**TRY IT:** Leave the pictures out. Return all other data exactly.

**STORED DATA:**
((

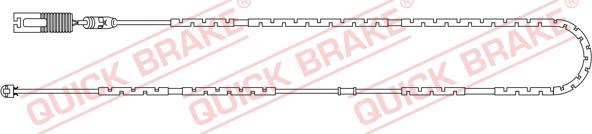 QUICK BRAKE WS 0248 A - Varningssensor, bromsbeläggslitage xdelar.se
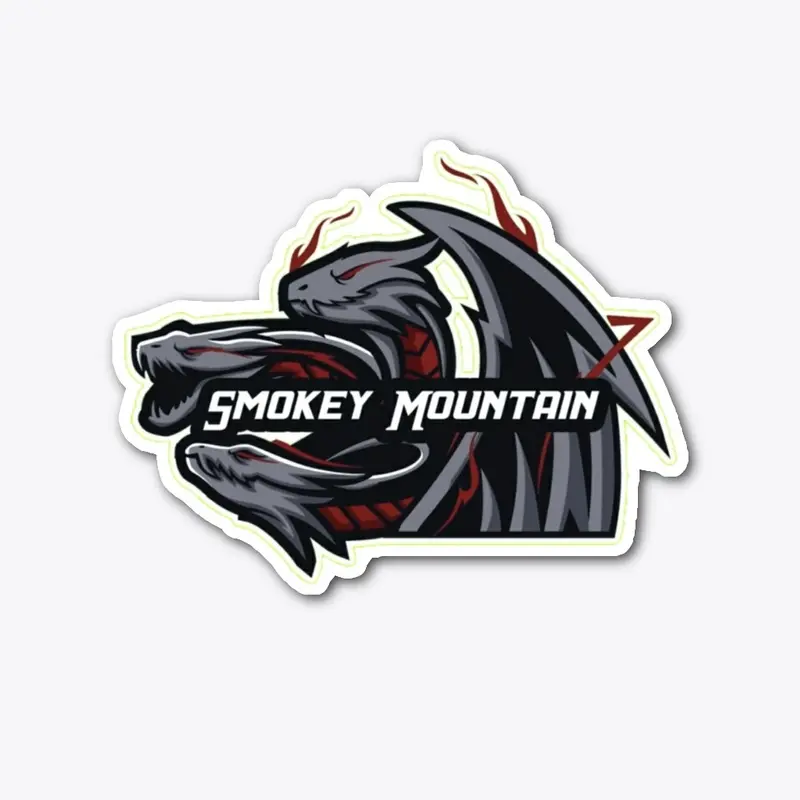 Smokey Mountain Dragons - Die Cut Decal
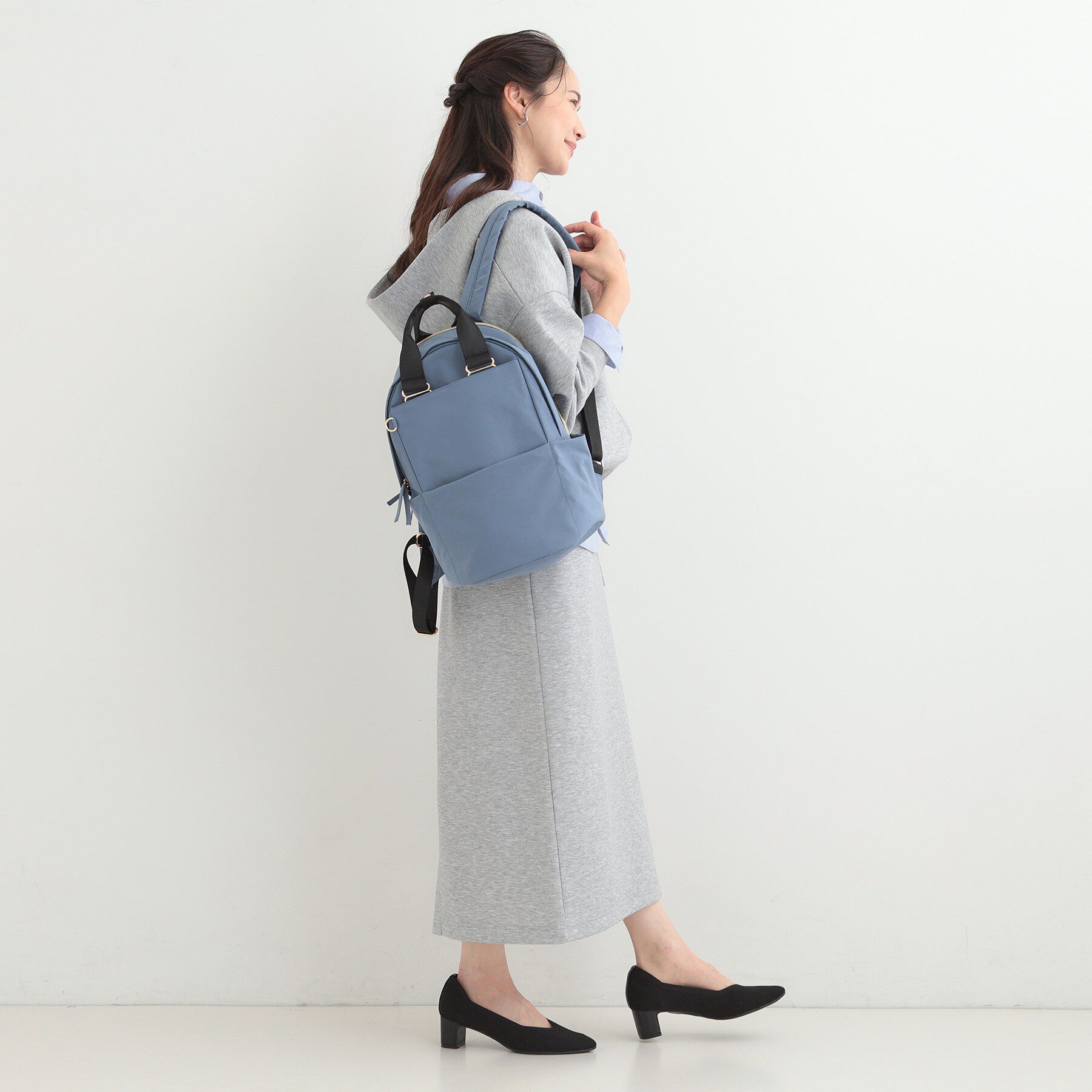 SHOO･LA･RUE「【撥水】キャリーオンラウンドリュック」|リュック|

))

**ANSWER BELOW:**
 QUICK BRAKE WS 0248 A - Varningssensor, bromsbeläggslitage xdelar.se
 Smokey Mountain Dragons - Die Cut Decal
 SHOO･LA･RUE「【撥水】キャリーオンラウンドリュック」|リュック|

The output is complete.